CII wants stronger fiscal and monetary assistance for business

While praising “the series of timely, well calibrated, and coordinated measures” that have already been implemented in response to the global uncertainty brought by the West Asia conflict, the top industry group CII on Sunday requested further monetary and fiscal policy concessions from the government and the RBI to overcome it.
“The Government and the RBI have reacted with speed, clarity, and coordination,” said Chandrajit Banerjee, director general of the CII. India’s policy framework is resilient and responsive to external shocks, as shown by the early steps taken to calm mood.
Simultaneously, CII noted that the situation is still changing, with underlying supply-side constraints in the energy, logistics, and trade sectors continuing beyond the initial phase. According to industry feedback, the initial set of policy actions has lessened the immediate effects, but several industries, notably MSMEs, exporters, and energy-intensive ones, are still experiencing operational and financial challenges.
Banerjee stated that “India’s experience during past crises has demonstrated that coordinated fiscal and monetary action can greatly increase resilience. ” The next stage of the policy response may thus need to prioritize trade cost management, targeted liquidity assistance, credit facilitation, and exchange rate stability.
The Finance Ministry has been urged by CII to introduce a time-bound Conflict-Linked Emergency Credit Line Guarantee Scheme (CL-ECLGS) that is modeled after the Emergency Credit Line Guarantee Scheme (ECLGS) that was implemented during the epidemic. Through government-backed guarantees, the CL-ECLGS would provide more collateral-free working capital to impacted businesses, with a focus on MSMEs, exporters, and gas-dependent industries.
Additionally, it has requested the RBI to think about a brief, well-defined three-month moratorium and restructuring window for MSMEs, particularly those engaged in exports and ancillary operations connected to export supply chains.
The CII statement states that the RBI may establish a Special Refinance Window for MSMEs and other impacted sectors, along with focused liquidity assistance via tools like Targeted Long Term Repo Operations (TLTRO), allowing banks and non-banking financial companies (NBFCs) to continue providing credit to productive industries at a fair cost.
Additionally, it said that the Ministry of Finance, in collaboration with the RBI, could offer industry—particularly MSMEs—immediate contractual and operational assistance by extending delivery timelines for Central and State PSU contracts by 3–4 months without triggering Liquidated Damages clauses, and by lowering Performance Bank Guarantee and Security Deposit requirements to minimal levels to alleviate liquidity problems. To help manage increasing input costs during the interruption time, temporary reductions in electricity rates may also be made available.
Additionally, CII has proposed that, in deserving cases, banks be given the power to reevaluate and improve working capital restrictions for a short period of time, especially for gas-dependent, export-oriented enterprises that are experiencing transient distress. A calibrated increase in cash credit limits of up to 20%, together with soft lending conditions throughout the interruption, would give significant operational relief.

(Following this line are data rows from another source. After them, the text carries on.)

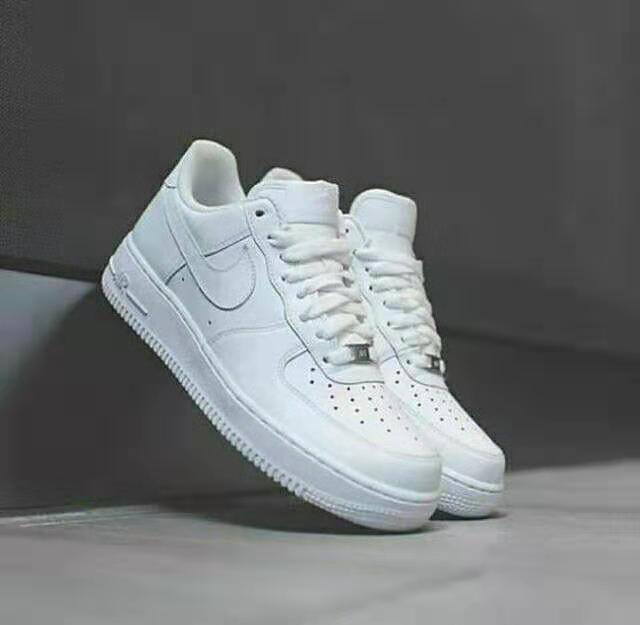 all white low top forces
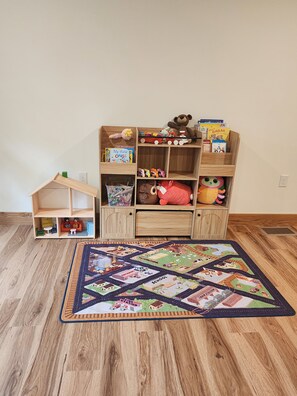 A wooden bookshelf with children's books and toys, a small dollhouse, and a colorful patchwork rug. - Ember and Oak (Richfield)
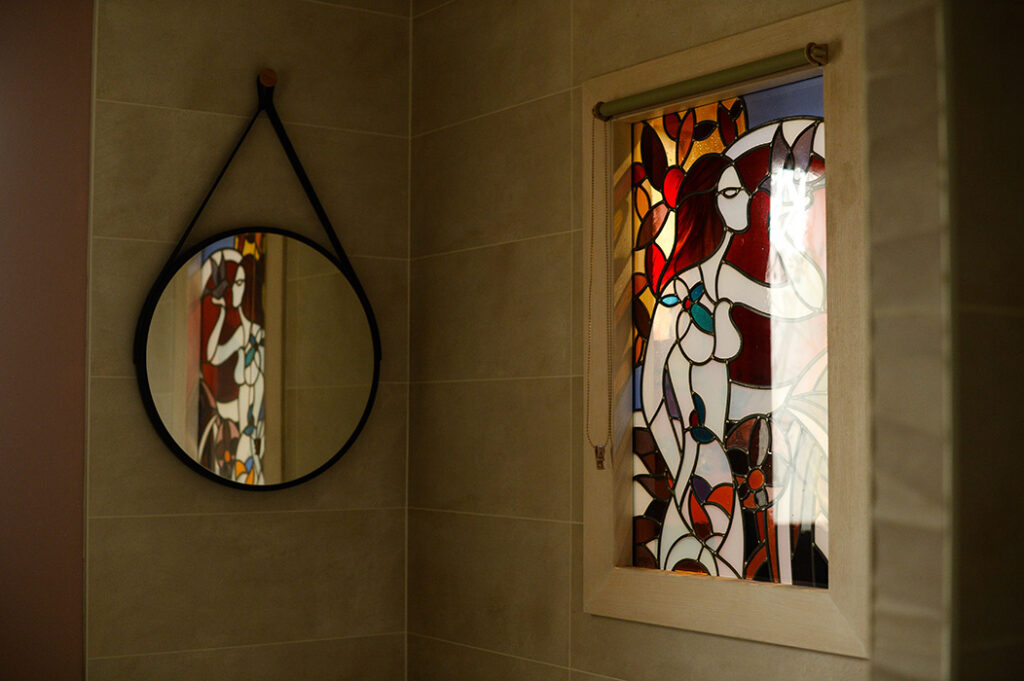 Photographie de vitrail et miroir dans la salle de bain.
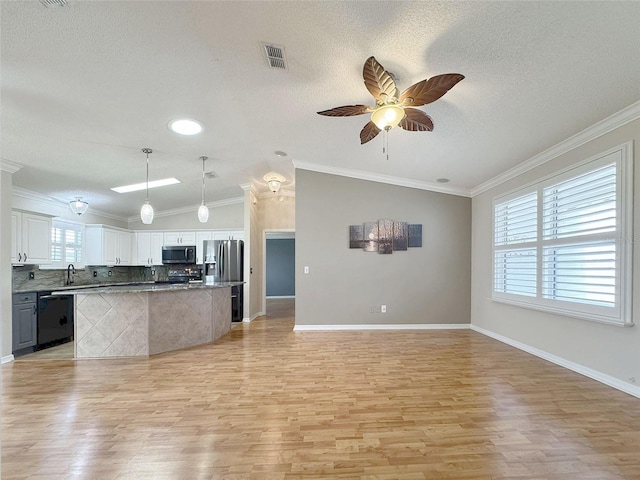 3237 Atwell Ave, The Villages, FL 32162 - kitchen with appliances with stainless steel finishes, open floor plan, a sink, light wood finished floors, and lofted ceiling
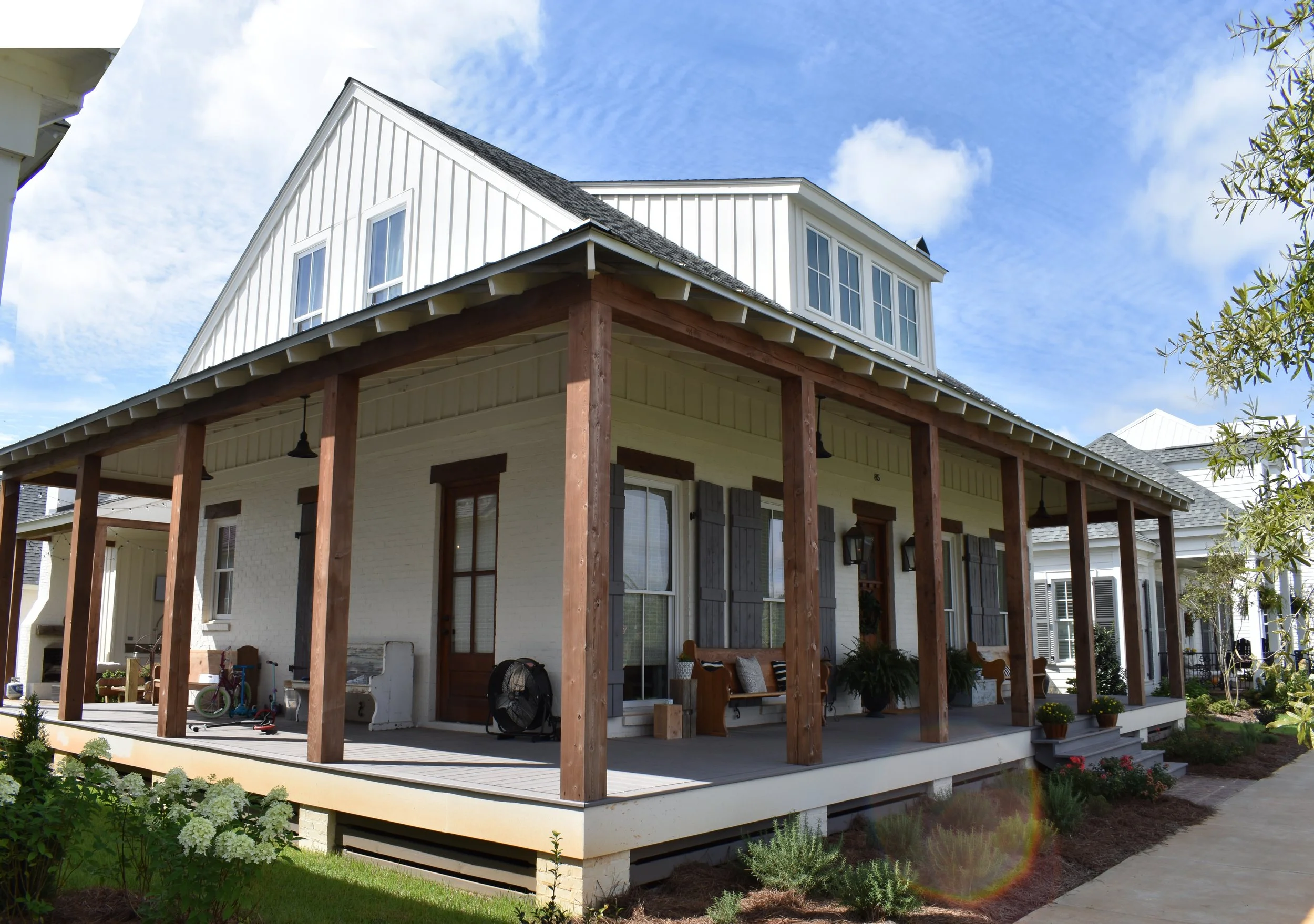 A two-story house with a large front porch, white siding, brown shutters, and a gray shingle roof under a partly cloudy sky. The porch has wooden support beams and various outdoor furniture.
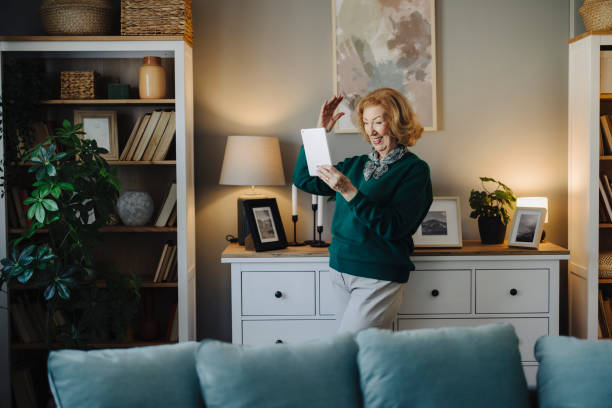 istock Senior woman using digital tablet at home 2183526174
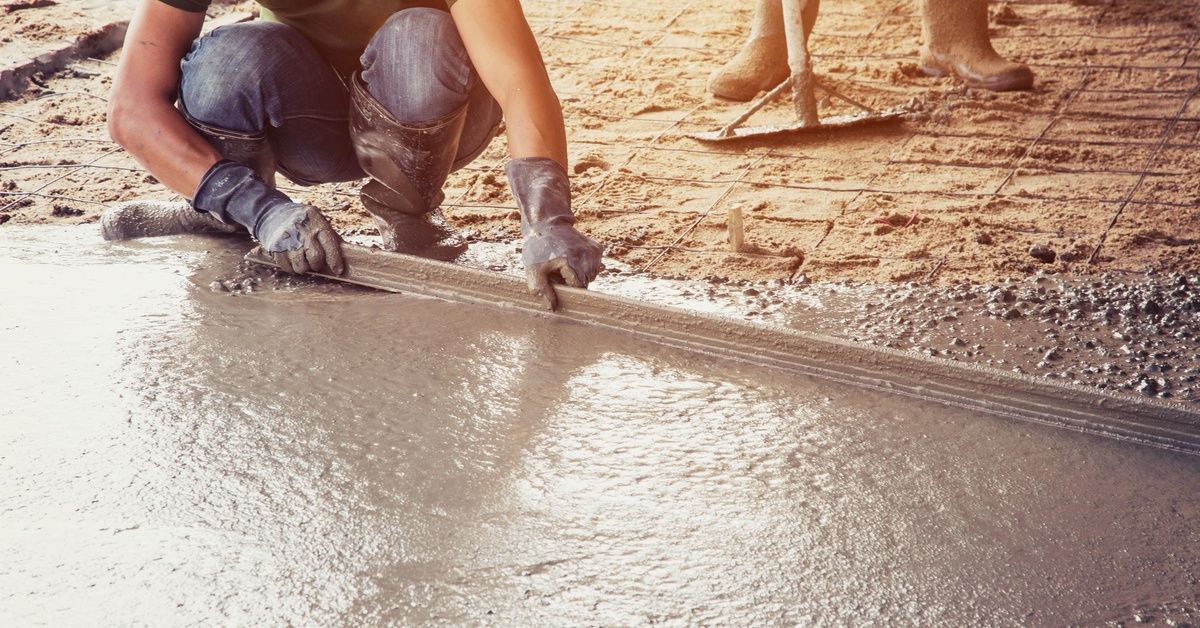 Construction workers smooth wet concrete on a foundation, with rebar visible in the background under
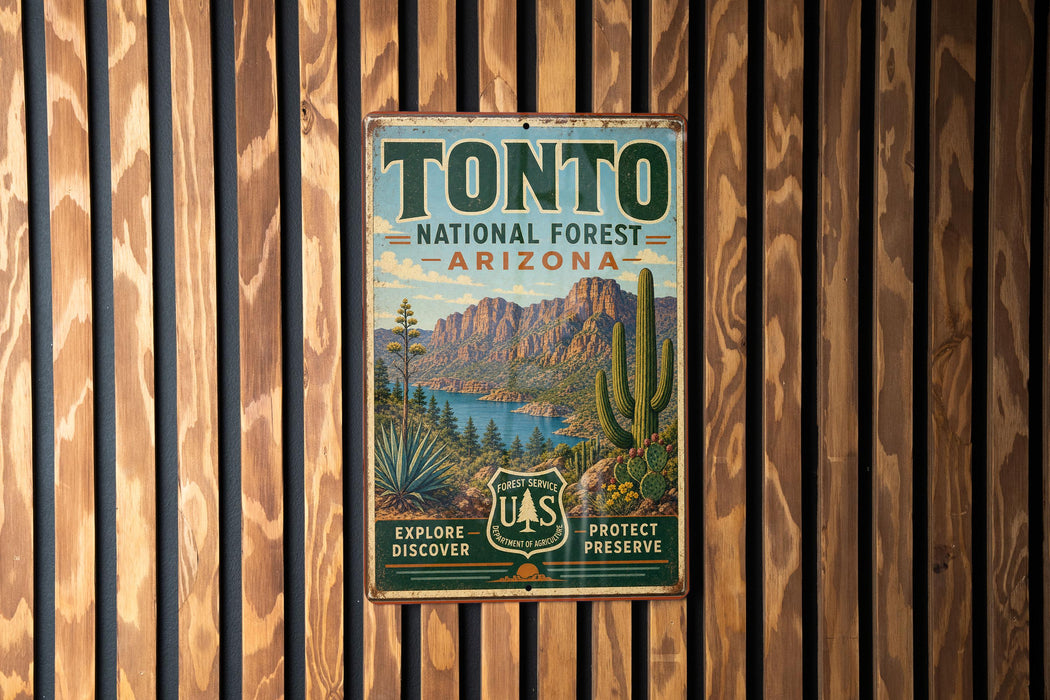 A vintage metal sign for Tonto National Forest in Arizona, featuring a scenic landscape with mountains, cacti, and a lake.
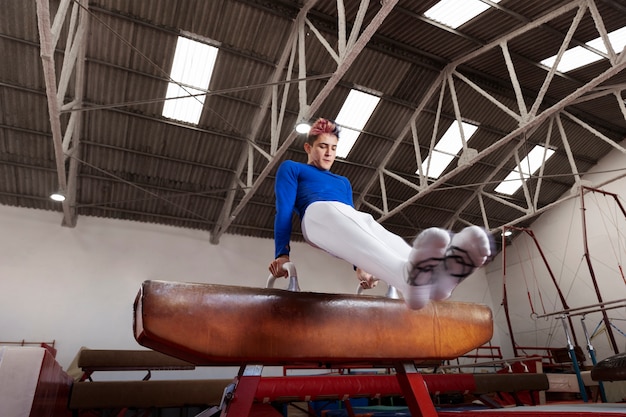 Free photo young gymnast training for competition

It has requested a brief decrease or waiver of administrative banking expenses, such as loan processing costs, foreign exchange management fees, and documentation expenses, which could be taken into account for MSMEs and impacted industries.
Additional items on the CII wish list include a time-bound rationalization of the tax and duty system on energy inputs to lessen the cascading cost consequences of the interruption, accelerated depreciation benefits on capital goods, and that the Trade Receivables Discounting System (TReDS) platform may be more actively expanded across affected industrial clusters.